### TASK DETAILS
Reproduce exactly, and only, the lines of the material below running from the line bearing "nuestra ciudad la" through the line bearing "Dried Bunny Tail Bunch- Approx. 60 Stems". Leave any pictures out.

### RECORDS SUPPLIED
⁂
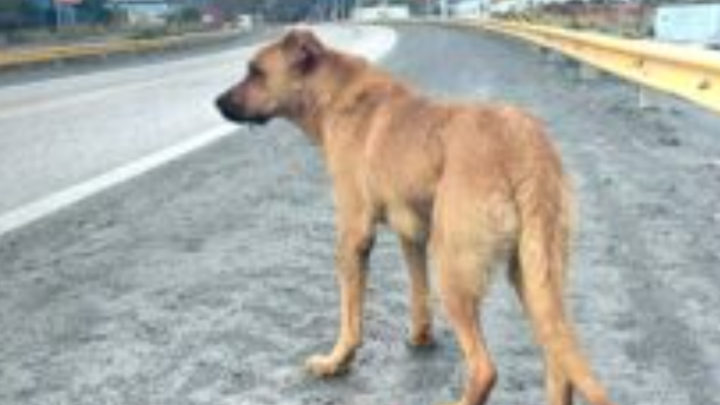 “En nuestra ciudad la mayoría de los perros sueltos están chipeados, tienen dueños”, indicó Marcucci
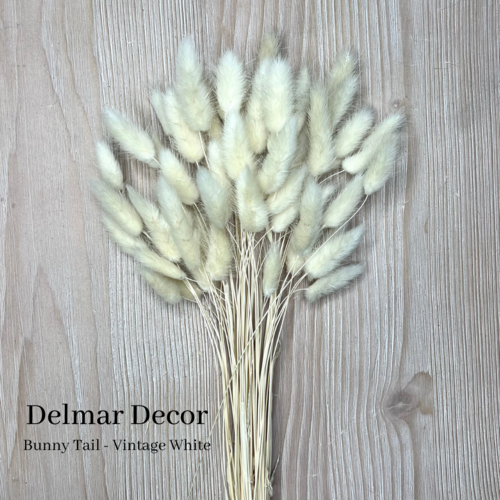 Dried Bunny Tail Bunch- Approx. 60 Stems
⁂
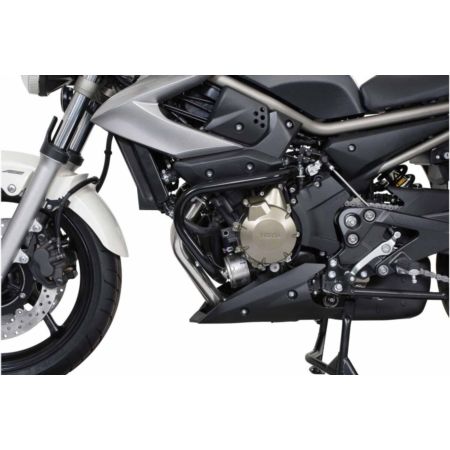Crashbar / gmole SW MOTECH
⁂
### OUTPUT FOR THIS EXERCISE
 “En nuestra ciudad la mayoría de los perros sueltos están chipeados, tienen dueños”, indicó Marcucci
 Dried Bunny Tail Bunch- Approx. 60 Stems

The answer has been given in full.